# Conceptual issues in AI safety: the paradigmatic gap

tl;dr: I question the assumption that technical solutions to mid-term safety problems will be relevant to the long-horizon problems of AI safety. This assumption fails to account for a potential paradigmatic change in technology between now and the date at which these long-horizon problems will become pressing. I present a historical example of paradigmatic change and suggest that the same is possible for AI, and argue that our bets on the importance of present-day safety work ought to incorporate our beliefs over the strength of the current paradigm.

I’m back from a brief workshop on technical issues in AI safety, organized by the Open Philanthropy Project. The workshop brought together the new class of AI Fellows with researchers from industry labs, nonprofits, and academia to discuss actionable issues in AI safety.

Discussions at the workshop have changed and augmented my views on AI safety in fundamental ways. Most importantly, they have revealed to me several critical conceptual issues at the foundation of AI safety research, involving work with both medium time horizons (e.g. adversarial attacks, interpretability) and much longer horizons (e.g. aligning the incentives of superintelligent AIs to match our own values). I believe that these are blocking issues for safety research: I don’t know how to value the various sorts of safety work until I arrive at satisfying answers to these questions. Over the next months, I’ll formalize these questions in separate single-authored and co-authored blog posts.

This post addresses the first critical of these critical conceptual issues. This issue is the least technical – and possibly the least deep-cutting – of those which I want to raise. Because it touches on one of the most common safety arguments, though, I thought it’d be best to publish this one first.

## Introduction

AI safety is a very diverse field, encompassing work targeted at vastly different time horizons. I identify three in this post:

This post is mainly concerned with the value of mid-term work.

## Mid-term AI safety

Many mid-term researchers assume that their work is well aligned with solving longer-horizon safety risks — that is, that technical solutions to mid-term problems will also help us make progress on the most concerning long-horizon risk scenarios. Paul Christiano has made statements about the likely alignment of mid-term and long-term issues — see, for example, his 2016 article on prosaic AI:

It now seems possible that we could build “prosaic” AGI, which can replicate human behavior but doesn’t involve qualitatively new ideas about “how intelligence works” … If we build prosaic superhuman AGI, it seems most likely that it will be trained by reinforcement learning … But we don’t have any shovel-ready approach to training an RL system to autonomously pursue our values.

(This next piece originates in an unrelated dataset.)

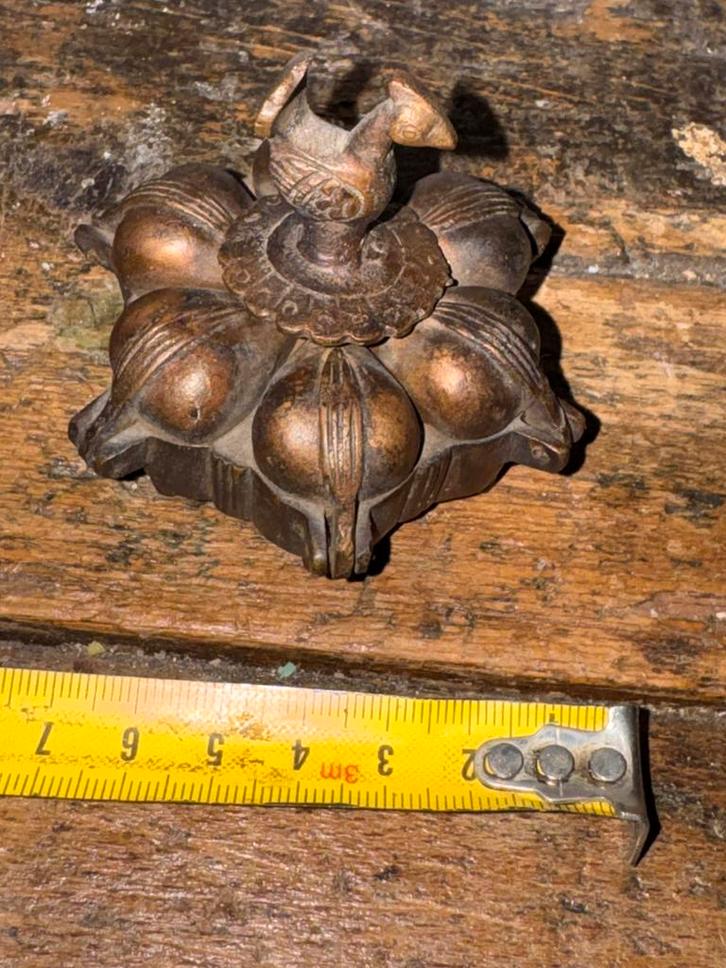 Oud / antiek  Indiase koperen Kumkum-doos, Antiek en Kunst, Curiosa en Brocante, Ophalen of Verzenden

To illustrate how this can go wrong, imagine using RL to implement a decentralized autonomous organization (DAO) which maximizes its profit. If we had very powerful RL systems, such a DAO might be able to outcompete human organizations at a wide range of tasks — producing and selling cheaper widgets, but also influencing government policy, extorting/manipulating other actors, and so on.

This sort of argument is used to motivate mid-term technical work on controlling AI systems, aligning their values with our own, and so on. In particular, this argument is used to motivate technical work in small-scale synthetic scenarios which connect to these long-term concerns. Leike et al. (2017) propose minimal environments for checking the safety of reinforcement learning agents, for example, and justify the work as follows:

While these [proposed grid-world safety environments] are highly abstract and not always intuitive, their simplicity has two advantages: it makes the learning problem very simple and it limits confounding factors in experiments. Such simple environments could also be considered as minimal safety checks: an algorithm that fails to behave safely in such simple environments is also unlikely to behave safely in real-world, safety-critical environments where it is much more complicated to test. Despite the simplicity of the environments, we have selected these challenges with the safety of very powerful artificial agents (such as artificial general intelligence) in mind.

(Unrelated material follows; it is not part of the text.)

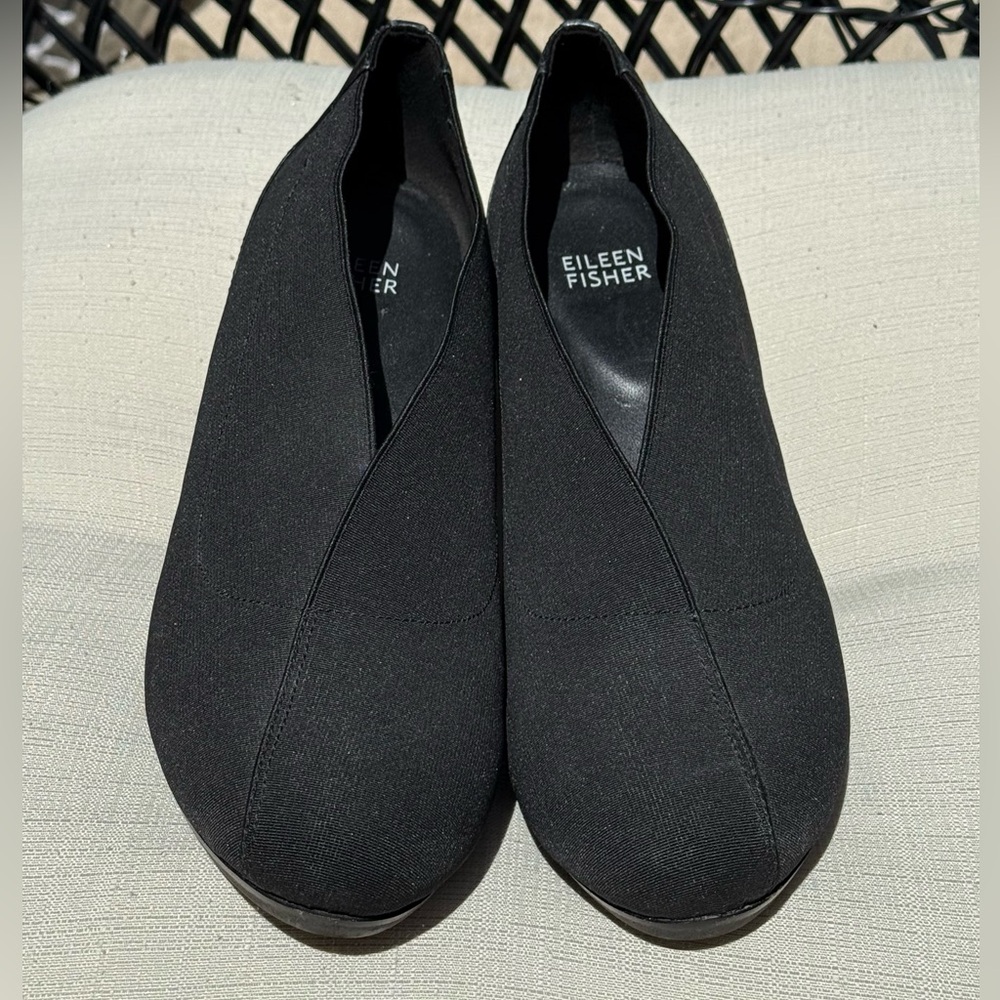 Eileen Fisher Matte Black Grosgrain Booties women’s size 8.5 - Picture 3 of 8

These arguments gesture at the successes of modern machine learning technology—especially reinforcement learning—and recognize (correctly!) that we don’t yet have good procedures for ensuring that these systems behave the way that we want them to when they are deployed in the wild. We need to have safety procedures in place, they claim, far before more powerful longer-horizon systems arrive that can do much more harm in the real world. This argument rests on the assumption that our technical solutions to mid-term problems will be relevant at the long-horizon date when such systems arrive.

This post questions that assumption. I claim that this assumption fails to account for a potential paradigmatic change in our engineered AI systems between now and the date at which these long-horizon problems become pressing.2 A substantial paradigmatic change — which could entail a major change in the way we engineer AI systems, or the way AI is used and deployed by corporations and end users — may make irrelevant any mid-term work done now which aims to solve those long-horizon problems.

I’ll make the argument by historical analogy, and circle back to the issue of AI safety at the end of this post.

At the end of the 19th century, some of the largest cities in the world relied on horses as a central mode of transportation. A city horse was tasked with driving everything from the private hansom cab (a Sherlock Holmes favorite) to the double-decker horsebus, which could tow dozens of passengers.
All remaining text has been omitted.